Backgrounder: History of ''Peking Man'' Site at Zhoukoudian Caves
China Wednesday began a rescue excavation in the Zhoukoudian Caves in a suburb of Beijing, where the skulls of "Peking Man," or Homo erectus, were found in the 1920s and 1930s.
The following is a chronology of excavation and finds at the site:
In February 1918, Johann Gunnar Andersson, a famous Swedish geologist and archaeologist, made a survey at the hill near Zhoukoudian, which was then called "Chicken Bone Hill", and colleted numerous rodent fossils. These fossils had been mistaken by local people for chicken bones, giving rise to the name of the hill. The site was later designated as Locality 6 of the "Peking Man" site. This survey inspired further expeditions.

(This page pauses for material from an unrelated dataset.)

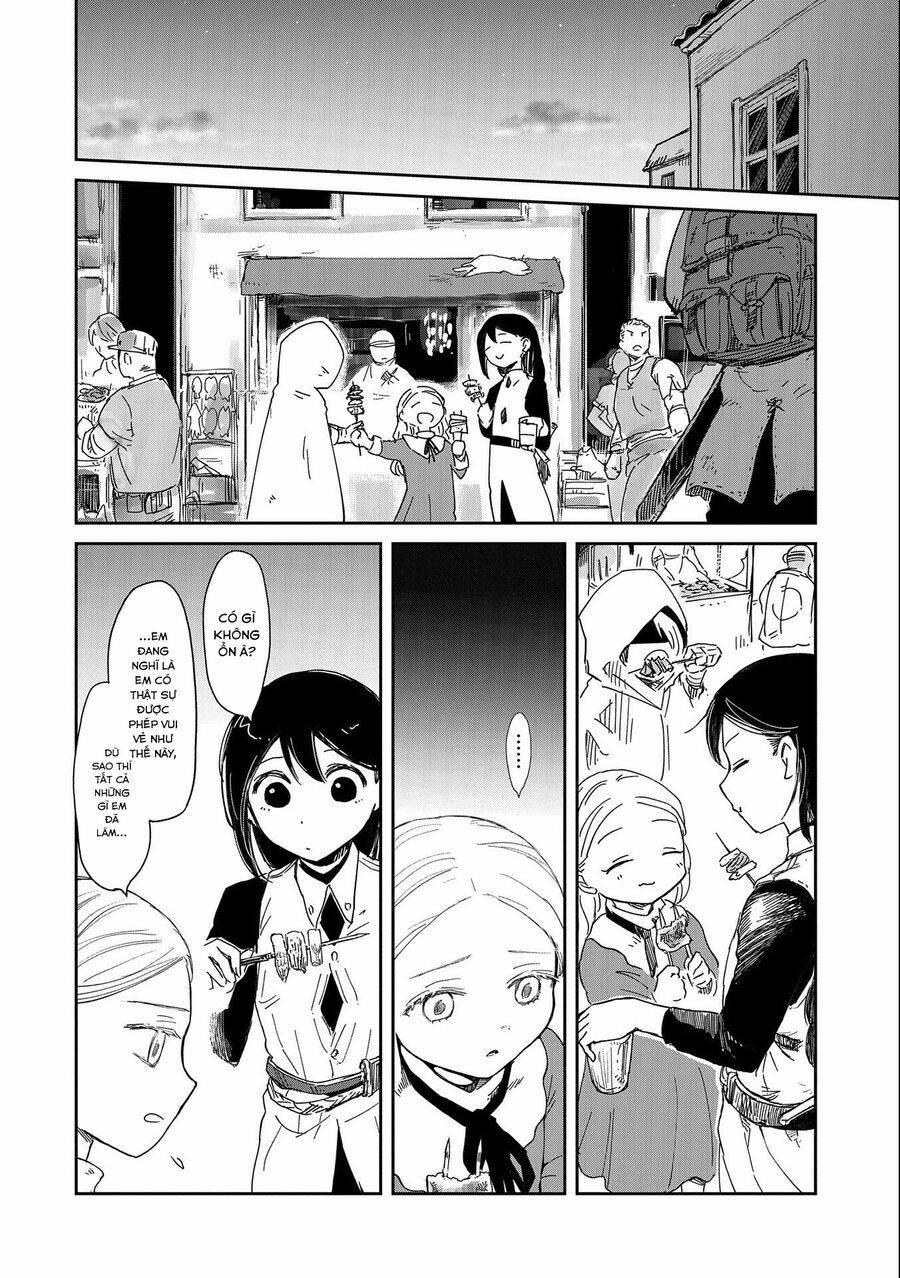 Boukensha Ni Naritai To Miyako Ni Deteitta Musume Ga S Rank Ni Nattet 33.1 trang 20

Between 1921 and 1922, Andersson and Otto Zdansky, an Austrian paleontologist, started an excavation at another hill near Zhoukoudian. They found two human-like teeth, an upper molar and an unerupted lower premolar. These finds surprised scientists, since at that time, no such ancient human fossil had been found anywhere in Asia.
In 1921, Davidson Black, a Canadian anthropologist, studied the upper molar. He classified the specimen under Hominidae, a new genus, and a new species, "Sinanthropus pekinensis Black and Zdansky". An American geologist, William Grabau, gave it the popular name "Peking Man".
Weng Wenhao, the director of the Geological Survey of China, and Black started a research program at the site in February 1927.The systematic excavation of the Zhoukoudian Site began thereafter.
In 1928, C. C. Young, a famous Chinese paleontologist, and Pei Wenzhong, a young Chinese geologist, joined the excavation. Two lower jaws of "Peking Man" were unearthed in this year.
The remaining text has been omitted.